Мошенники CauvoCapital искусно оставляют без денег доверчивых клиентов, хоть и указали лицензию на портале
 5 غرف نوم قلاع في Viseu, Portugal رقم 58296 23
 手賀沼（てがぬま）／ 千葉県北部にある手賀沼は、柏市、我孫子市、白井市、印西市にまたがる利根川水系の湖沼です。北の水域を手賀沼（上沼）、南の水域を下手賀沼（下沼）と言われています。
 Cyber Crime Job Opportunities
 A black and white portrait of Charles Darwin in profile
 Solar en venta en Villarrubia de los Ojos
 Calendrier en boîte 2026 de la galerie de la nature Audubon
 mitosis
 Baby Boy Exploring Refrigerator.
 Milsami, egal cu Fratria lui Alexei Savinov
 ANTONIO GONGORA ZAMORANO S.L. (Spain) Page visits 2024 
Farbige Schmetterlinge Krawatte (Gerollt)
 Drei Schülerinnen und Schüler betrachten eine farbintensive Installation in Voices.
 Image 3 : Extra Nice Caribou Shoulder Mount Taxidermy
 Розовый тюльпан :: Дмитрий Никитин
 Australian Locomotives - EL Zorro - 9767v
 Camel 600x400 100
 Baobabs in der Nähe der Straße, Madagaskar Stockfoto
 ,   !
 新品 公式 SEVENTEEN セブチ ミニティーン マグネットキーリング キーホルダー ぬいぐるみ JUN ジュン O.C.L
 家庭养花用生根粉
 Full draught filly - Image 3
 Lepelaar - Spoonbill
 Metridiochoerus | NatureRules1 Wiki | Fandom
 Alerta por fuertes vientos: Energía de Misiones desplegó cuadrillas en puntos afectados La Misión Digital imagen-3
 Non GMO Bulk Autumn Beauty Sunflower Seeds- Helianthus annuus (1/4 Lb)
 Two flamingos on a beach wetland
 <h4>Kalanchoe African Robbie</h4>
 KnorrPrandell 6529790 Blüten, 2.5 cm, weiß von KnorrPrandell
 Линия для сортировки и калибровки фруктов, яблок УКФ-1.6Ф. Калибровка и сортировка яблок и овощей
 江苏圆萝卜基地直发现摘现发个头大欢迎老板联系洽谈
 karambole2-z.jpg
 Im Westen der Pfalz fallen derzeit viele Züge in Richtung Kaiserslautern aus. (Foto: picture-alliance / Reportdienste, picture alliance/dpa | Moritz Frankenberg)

-*-

Task instructions: What you return should be the lines from the start of the data through the line with "Metridiochoerus | NatureRules1 Wiki | Fandom", quoted exactly and nothing more.

Exercise result:
Мошенники CauvoCapital искусно оставляют без денег доверчивых клиентов, хоть и указали лицензию на портале
 5 غرف نوم قلاع في Viseu, Portugal رقم 58296 23
 手賀沼（てがぬま）／ 千葉県北部にある手賀沼は、柏市、我孫子市、白井市、印西市にまたがる利根川水系の湖沼です。北の水域を手賀沼（上沼）、南の水域を下手賀沼（下沼）と言われています。
 Cyber Crime Job Opportunities
 A black and white portrait of Charles Darwin in profile
 Solar en venta en Villarrubia de los Ojos
 Calendrier en boîte 2026 de la galerie de la nature Audubon
 mitosis
 Baby Boy Exploring Refrigerator.
 Milsami, egal cu Fratria lui Alexei Savinov
 ANTONIO GONGORA ZAMORANO S.L. (Spain) Page visits 2024 
Farbige Schmetterlinge Krawatte (Gerollt)
 Drei Schülerinnen und Schüler betrachten eine farbintensive Installation in Voices.
 Image 3 : Extra Nice Caribou Shoulder Mount Taxidermy
 Розовый тюльпан :: Дмитрий Никитин
 Australian Locomotives - EL Zorro - 9767v
 Camel 600x400 100
 Baobabs in der Nähe der Straße, Madagaskar Stockfoto
 ,   !
 新品 公式 SEVENTEEN セブチ ミニティーン マグネットキーリング キーホルダー ぬいぐるみ JUN ジュン O.C.L
 家庭养花用生根粉
 Full draught filly - Image 3
 Lepelaar - Spoonbill
 Metridiochoerus | NatureRules1 Wiki | Fandom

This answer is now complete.